Segment Start: Dataset records

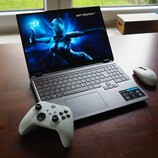 Recenzja laptopa Medion Erazer Beast 16 X1: RTX 5090 dla graczy z opcjonalnym chłodzeniem wodnym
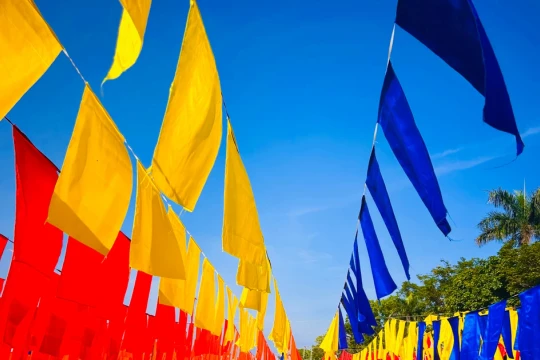 Huế rực rỡ sắc màu Phật đản mừng Đại lễ Vesak 2026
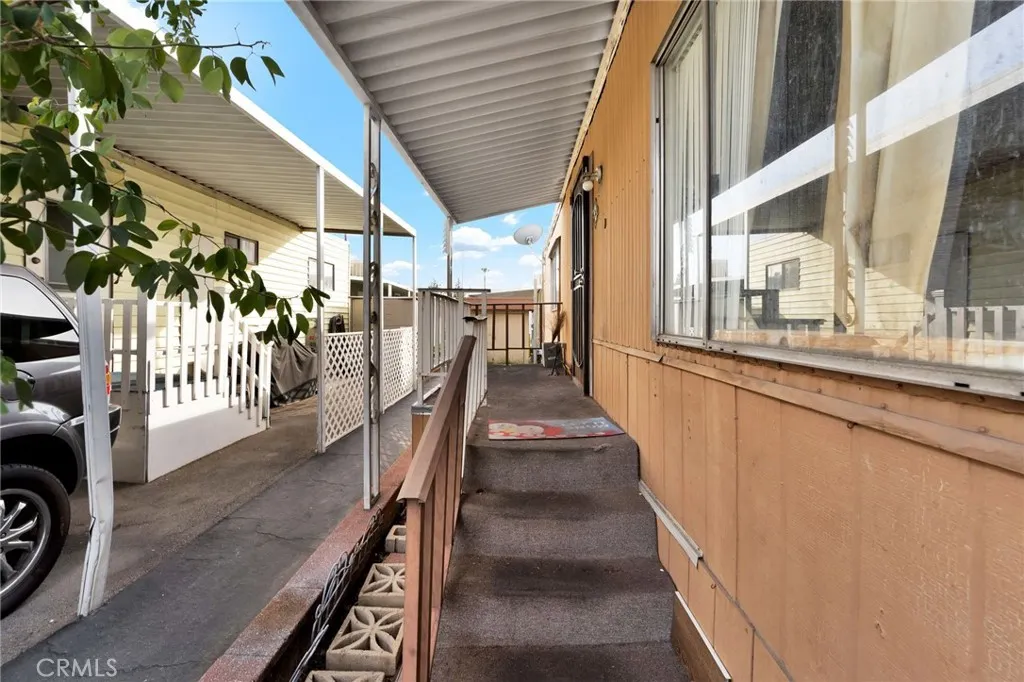716 N Grand Avenue, #B4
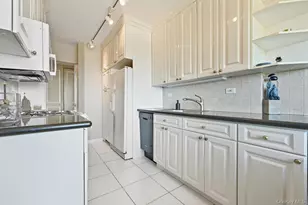 269-10 Grand Central Pkwy, Floral Park, NY 11005 - Photo 17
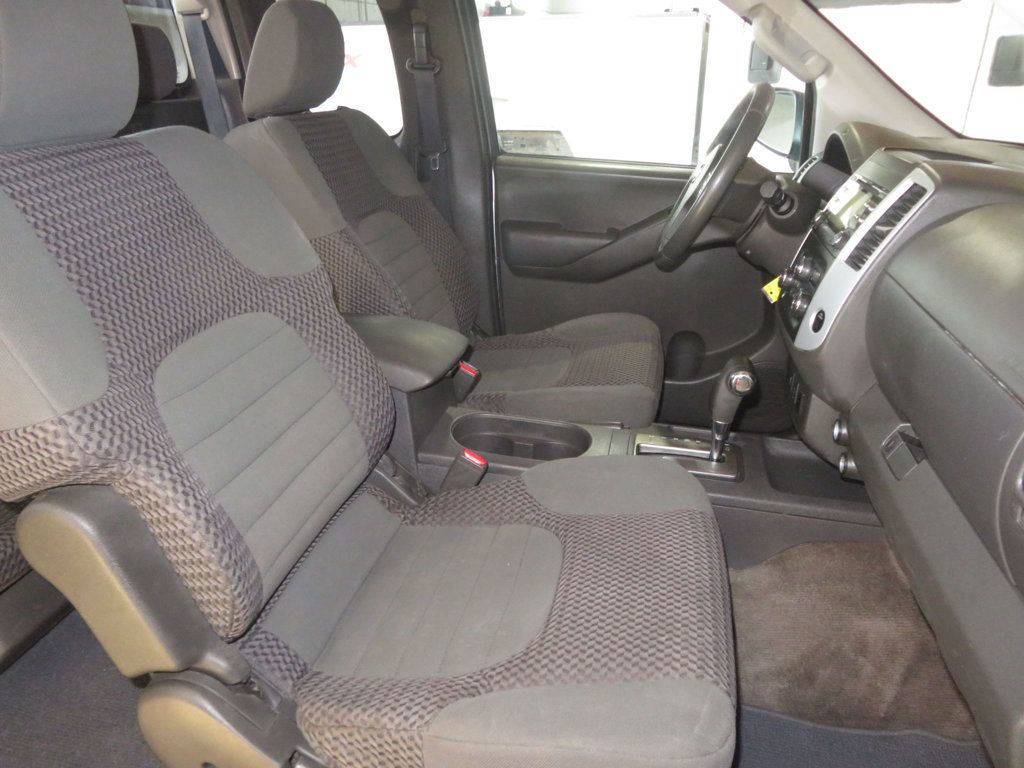 2013 Nissan Frontier 4.0 6 CYLINDER EXTRA CLEAN LOW MILES SV FRONTIER KINGCAB  - 22983975 - 29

Segment End: Dataset records

= Task directions =
Write the records out exactly once more, leaving off the pictures.

= Reply to the task =
 Recenzja laptopa Medion Erazer Beast 16 X1: RTX 5090 dla graczy z opcjonalnym chłodzeniem wodnym
 Huế rực rỡ sắc màu Phật đản mừng Đại lễ Vesak 2026
716 N Grand Avenue, #B4
 269-10 Grand Central Pkwy, Floral Park, NY 11005 - Photo 17
 2013 Nissan Frontier 4.0 6 CYLINDER EXTRA CLEAN LOW MILES SV FRONTIER KINGCAB  - 22983975 - 29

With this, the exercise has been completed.